In retrospect, this was a defining moment. It
clarified the reality of Israelis' lack of peace, but also the
balance of power and suffering.
Our suffering is not distributed equally. The
residents of Sderot are paying the bill in this chapter of
Jewish history. A few hours after my conversation with the
visitor, we heard of a rocket that killed a women, and injured
two other residents of that poor town. The report went on to
indicate that this was the 10th death from rockets in Sderot
since the first attack six years ago.
That represents ten personal tragedies of a kind
none of us wants to experience among our family or
acquaintances. Yet it may be a smaller incidence of death than a
population the size of Sderot's suffers from traffic accidents
and other calamities in places that consider themselves at
peace.
Perhaps more weighty on the residents of Sderot
is the constant fear that a rocket will fall, and the frequent
sounds of warning sirens and explosions. People want to leave
the town, but most of them are unlikely to find work readily
elsewhere. And if they put their apartment on the market, it is
doubtful that anyone would make an offer.
Currently we are hearing about the Russian
billionaire who is making a high profile donation of a week's
stay in a classy Eilat hotel for the people of Sderot. We also
hear that several of the thousand or so who have made the trip
are saying they will not leave the hotel when their week is up.
Also, a number of children waited hours for buses that were
delayed, and then did not make it through the rush to get
themselves a place. Fortunately, we heard about the subsidized
migration only as we were on our way home.
If the people of Sderot are suffering more than
others at the present, residents of Jerusalem, Netanya, and
Hadera suffered more than the average during the earlier season
of suicide bombings, and the people of Haifa, Nahariya, Carmiel,
Kiryiat Shmona, Zefat, Tiberias, and smaller Jewish and Arab
settlements in the north paid their bill during the rocket
attacks from Lebanon.

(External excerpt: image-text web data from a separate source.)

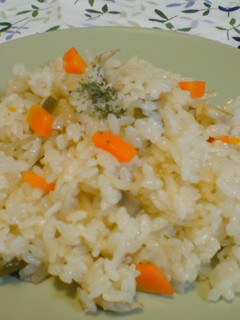 炊飯器de鶏皮ピラフ★-レシピのメイン写真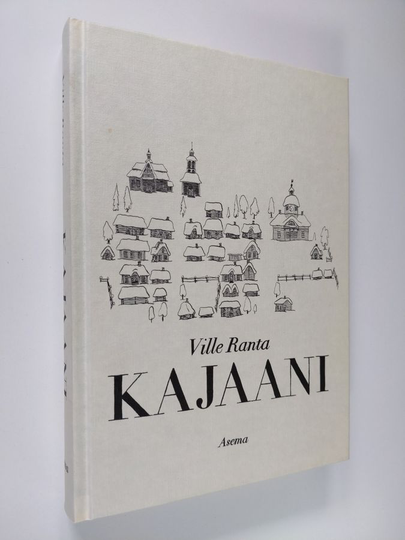 Ville Ranta : Kajaani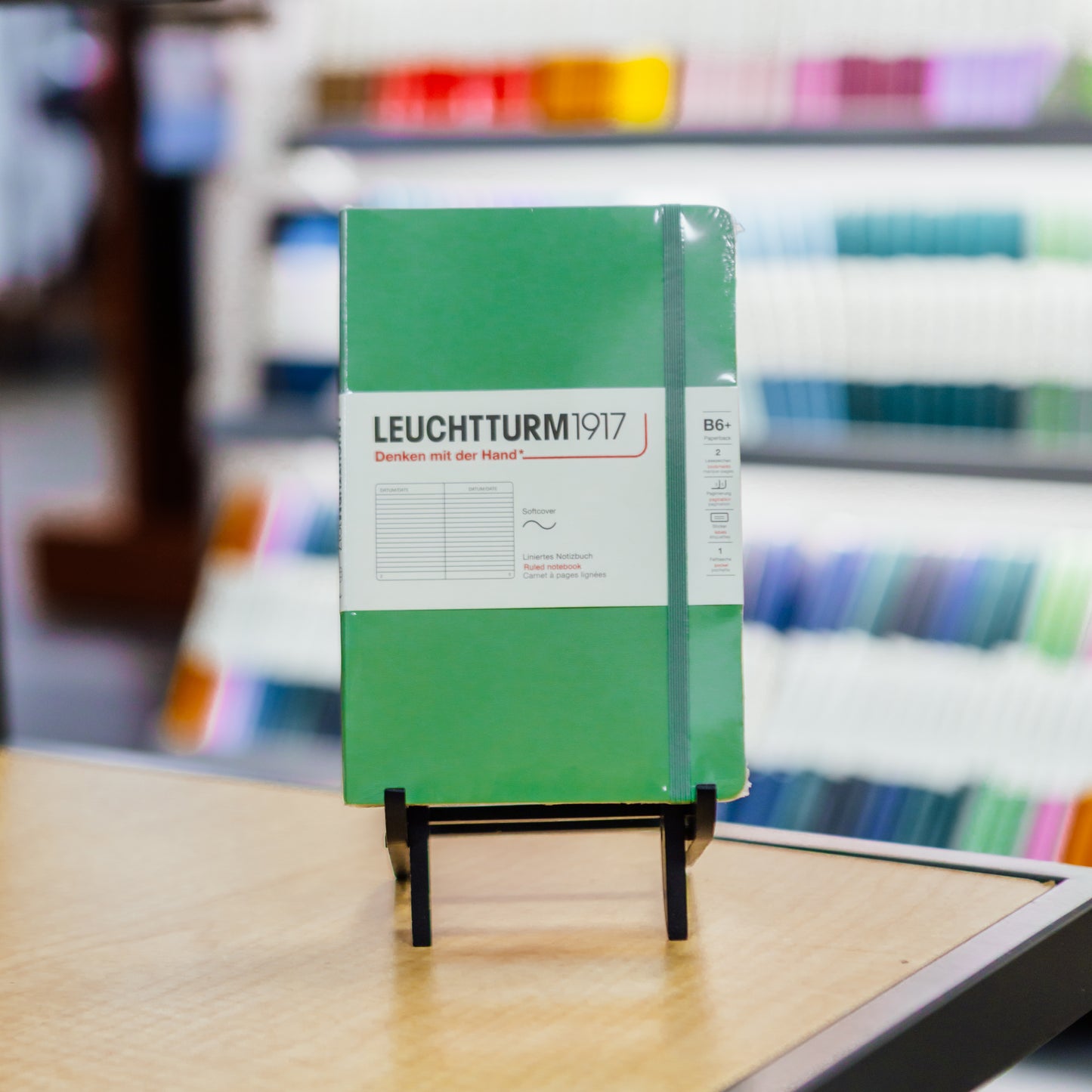 Leuchtturm1917 B6 Soft Notebook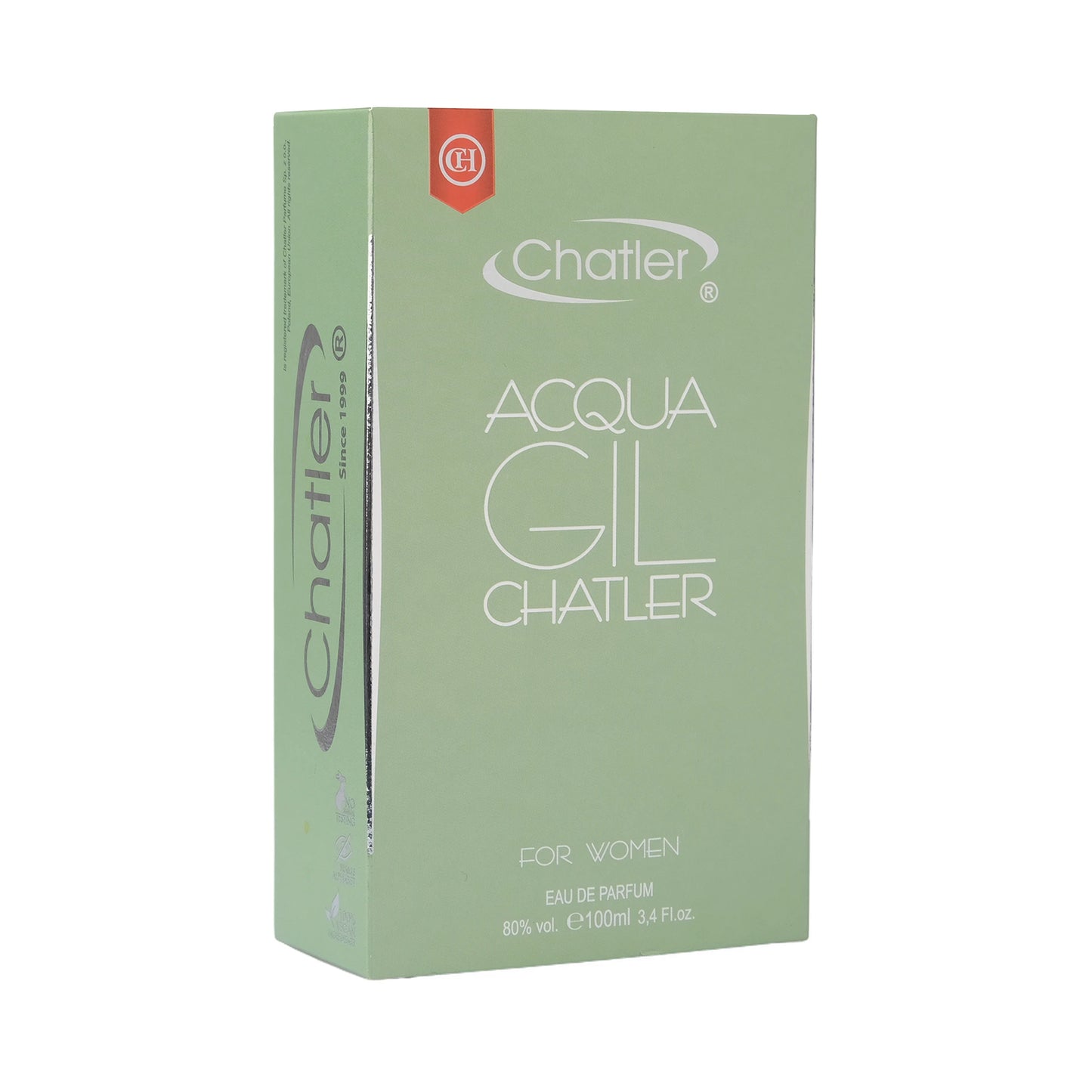 Acqua Gil For Woman 100 ml – Inspirat din Giorgio Armani Acqua di Gioia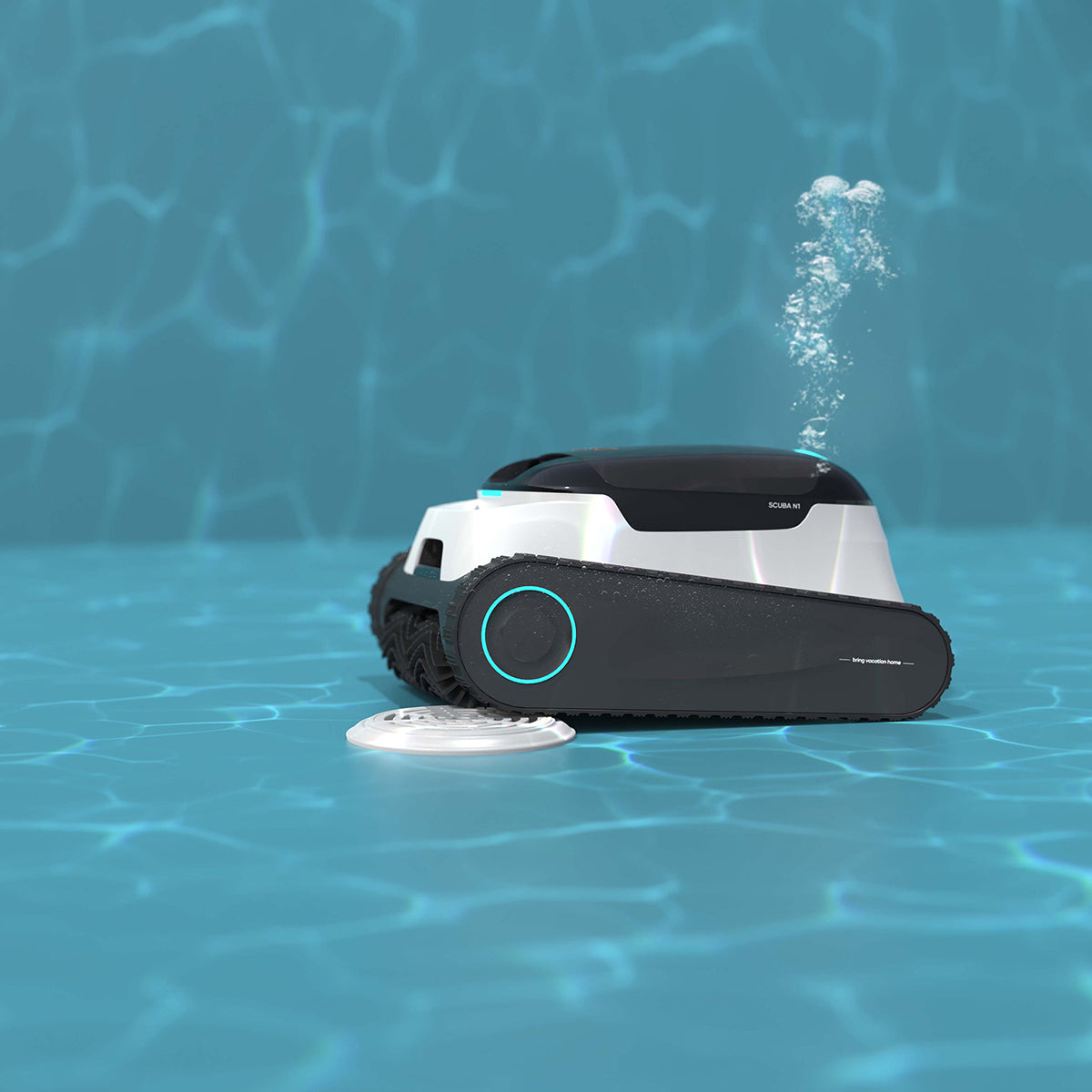 Pool Cleaning Robot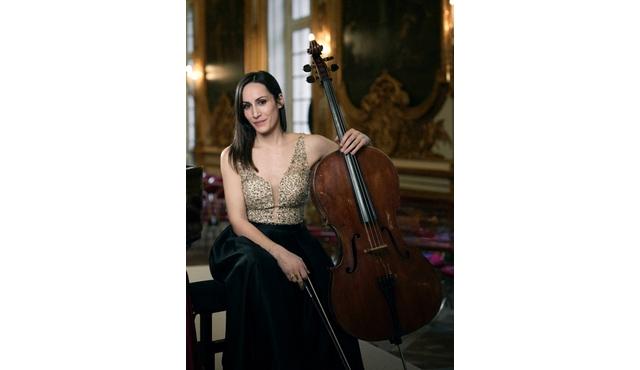 Bach: Cello Suites at Eglise Saint‐Paul‐Saint‐Louis in Paris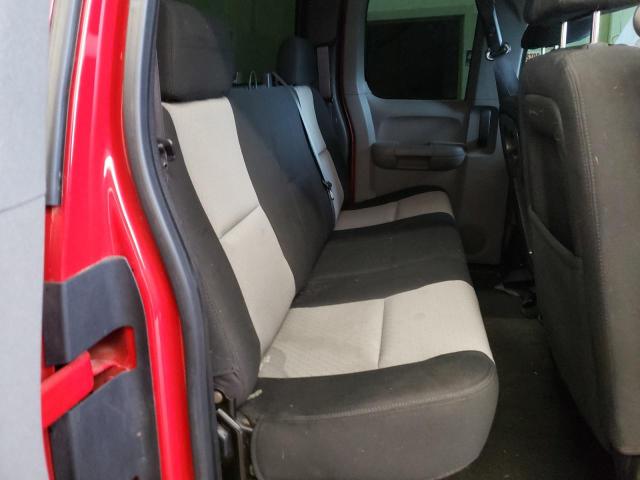 Photo 6 from auction – 2007 CHEVROLET SILVERADO with VIN 2GCEK19J871641266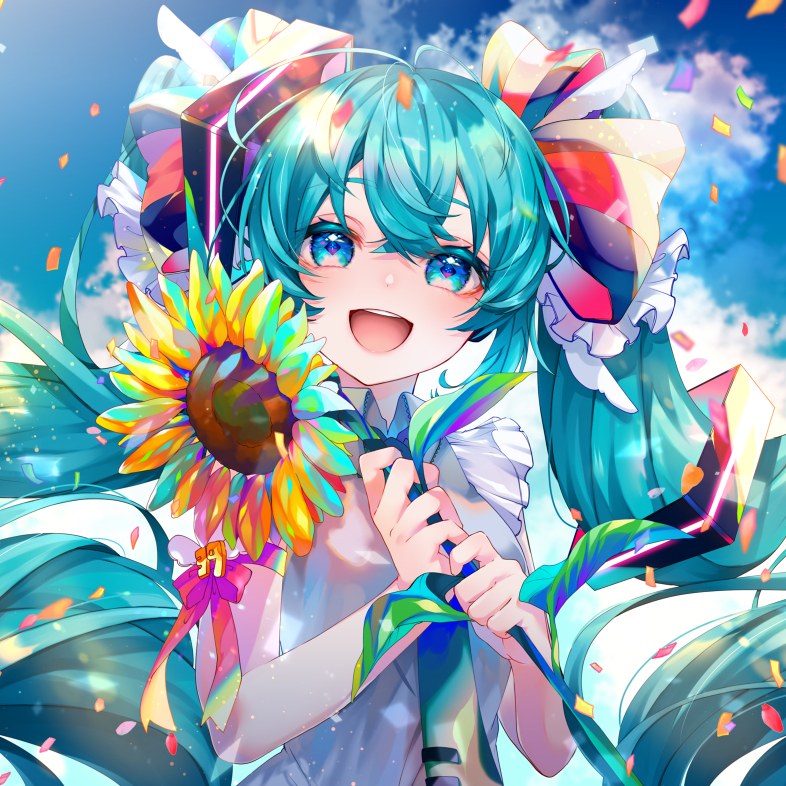 Hatsune Miku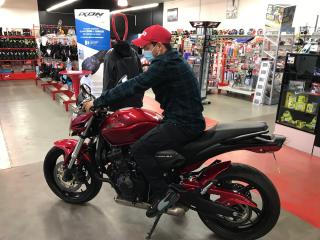 Garage Culture Moto HONDA - DAFY MOTO 0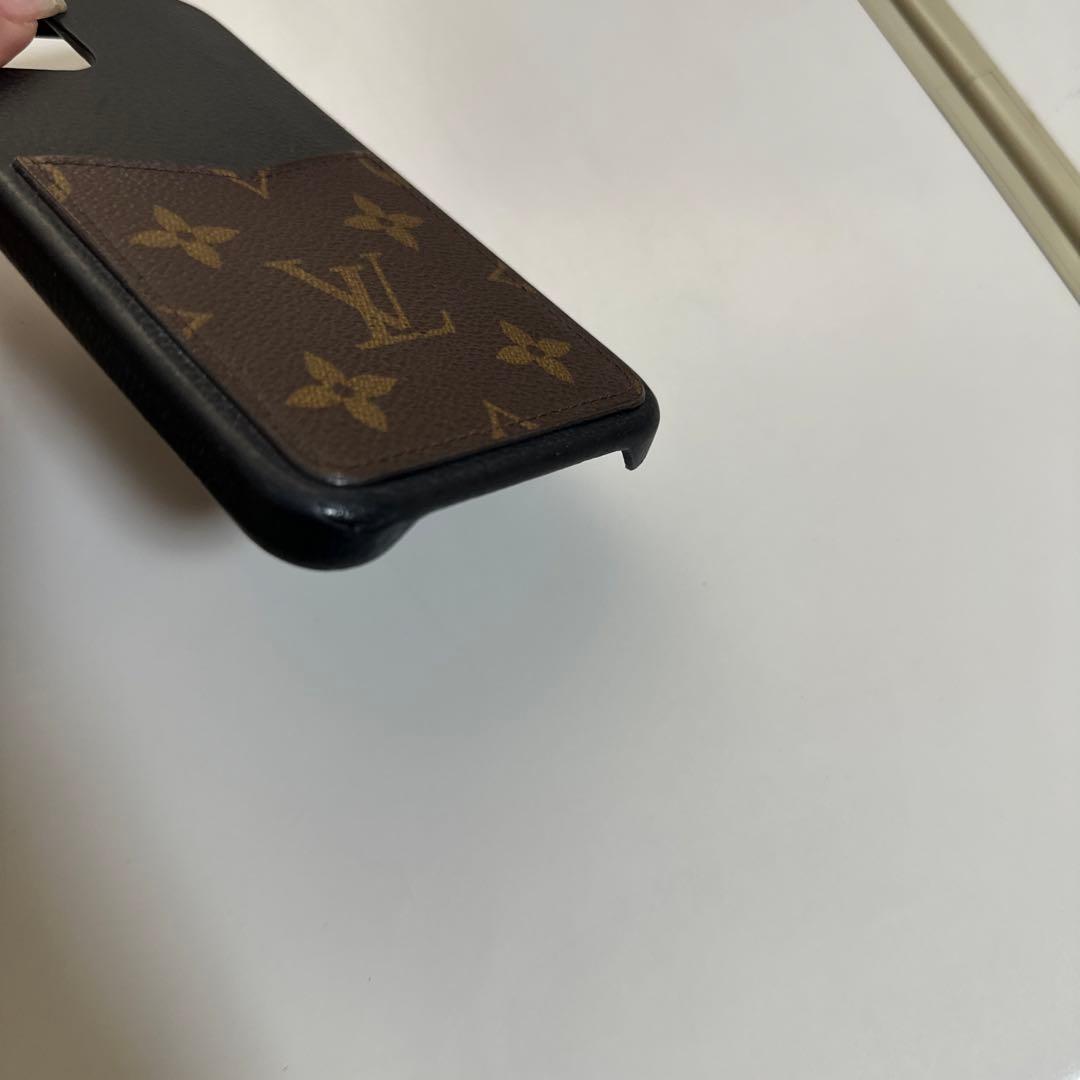 ルイヴィトン iPhone12proMAX ケース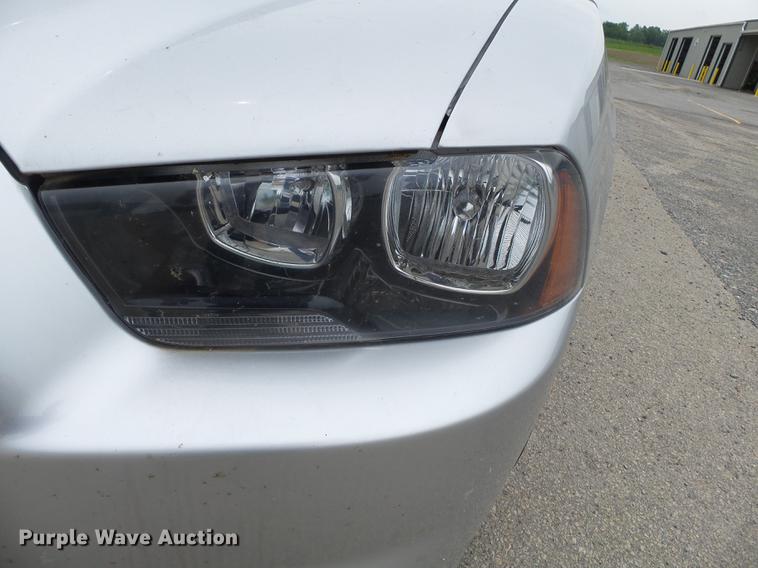 image for item DB7124 2014 Dodge Charger Police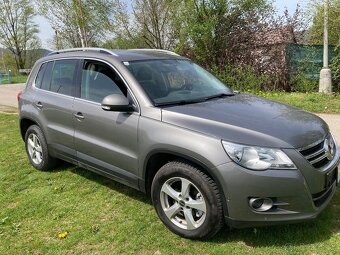 VW TIGUAN 2.0 TDI 140 PS 4X4 NAJ.137000 KM - 3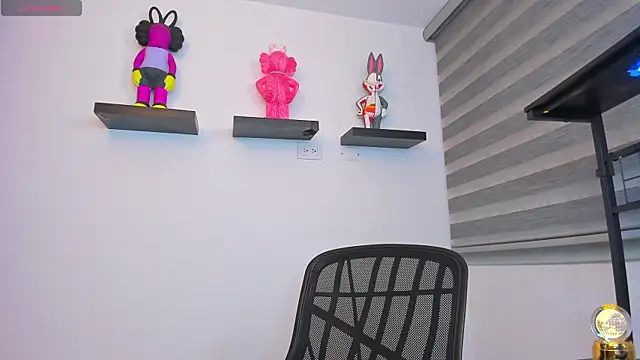 Gangster Girl online show from 04-07-26, 04:36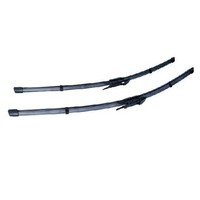 2X Wischblatt Vorne FüR BMW 6-Er E63 E64 5.0 03 Bis 10 Maxgear N62B44A N62B40A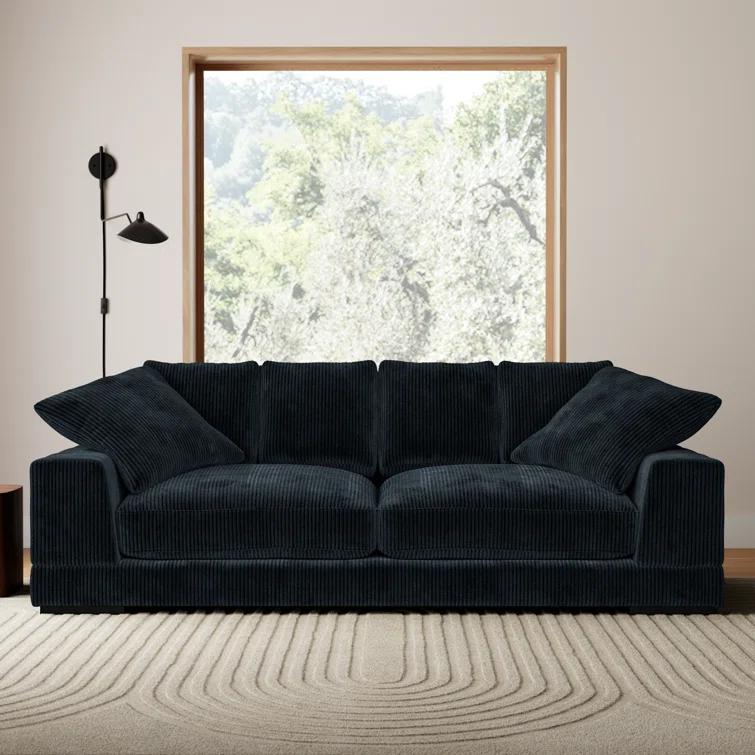 Lonsdale 92'' Upholstered Sofa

Many of us have had a turn at the focus of
Palestinian violence, even while more Palestinians are likely to
have suffered more persistently from Israeli violence.
We are stuck living alongside a population that
may desire peace, but lacks the mechanisms to deal with
religious and political fanatics, or those who are simply mad.
The IDF retaliates and pre-empts, but respects moral standards
as high as those of any military engaged in anything more than
parades and shining equipment. Most of us accept the
limitations. We realize that we can limit Palestinian terror
with our military power, but not stop it entirely, and that
Palestinian politicians have shown themselves unwilling or
unable to control those who would rather die violently than live
peacefully.
Being fatalistic is not correct, politically or
intellectually. But it is suitable in this setting.
We also pay a price of international condemnation
from those who think it is all, or mostly, our fault. We can
curse them as hypocrites and perhaps anti-Semites, and draw some
consolation from realizing that most of them live in homes and
enjoy resort hotels no more attractive than our own. We are
paying the price for being Jews in a Jewish state, but also
enjoying the advantages that come with a pragmatic capacity to
recognize reality, and to achieve what is possible.